• Action item
Return each record word for word and omit the pictures.

########

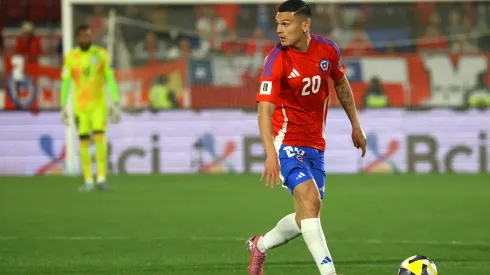 Lucas Cepeda en el partido ante Uruguay.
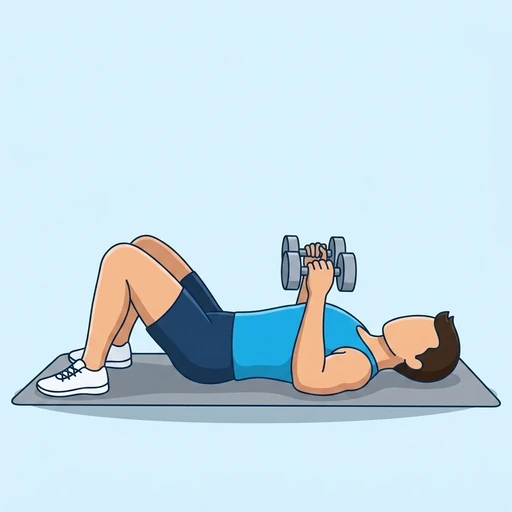 Dumbbell Floor Press – End position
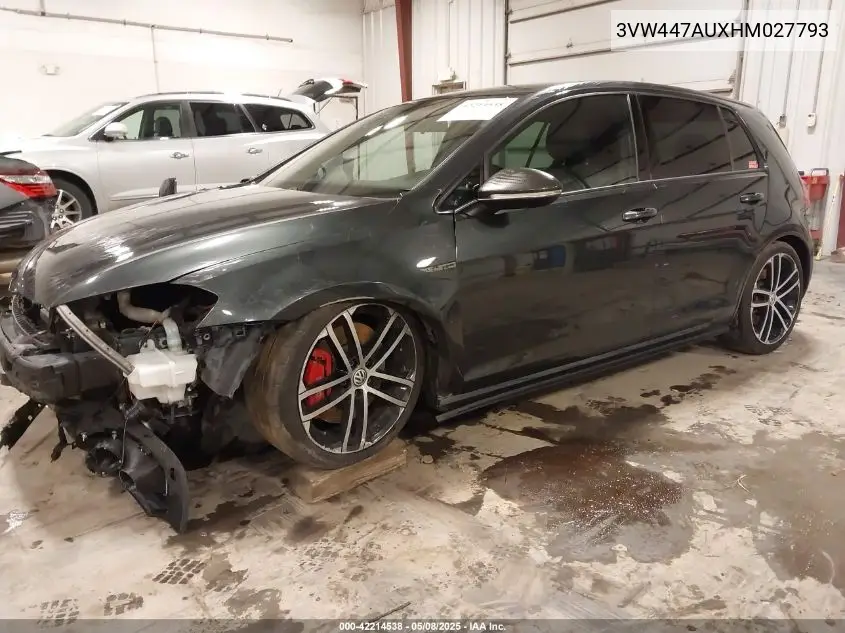 2017 Volkswagen Golf Gti Autobahn 4-Door/S 4-Door/Se 4-Door/Sport 4-Door VIN: 3VW447AUXHM027793 Lot: 42214538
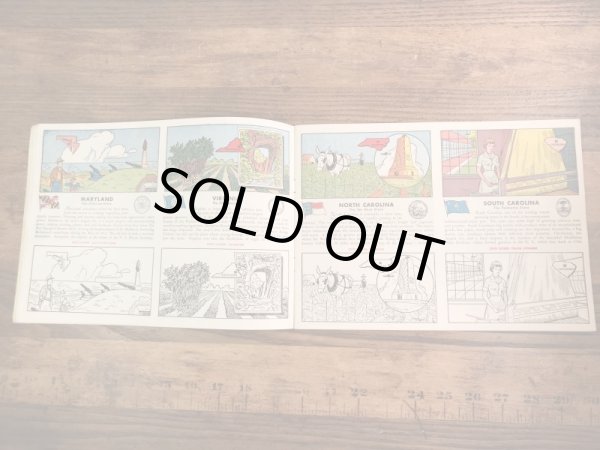 企業キャラクターのミスターピーナッツの50年代ビンテージペイントブック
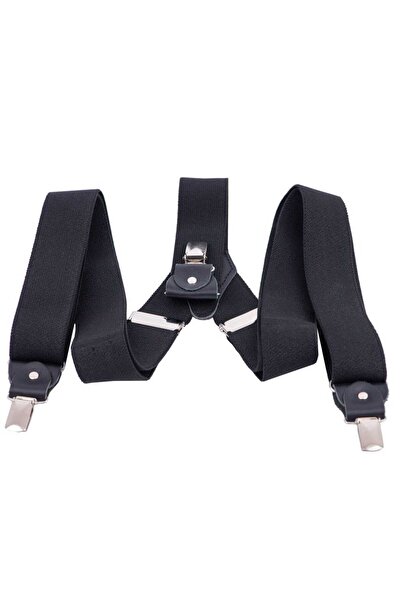 Toro Nero Black suspenders for men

########

• Written answer
 Lucas Cepeda en el partido ante Uruguay.
 Dumbbell Floor Press – End position
 2017 Volkswagen Golf Gti Autobahn 4-Door/S 4-Door/Se 4-Door/Sport 4-Door VIN: 3VW447AUXHM027793 Lot: 42214538
 企業キャラクターのミスターピーナッツの50年代ビンテージペイントブック
 Toro Nero Black suspenders for men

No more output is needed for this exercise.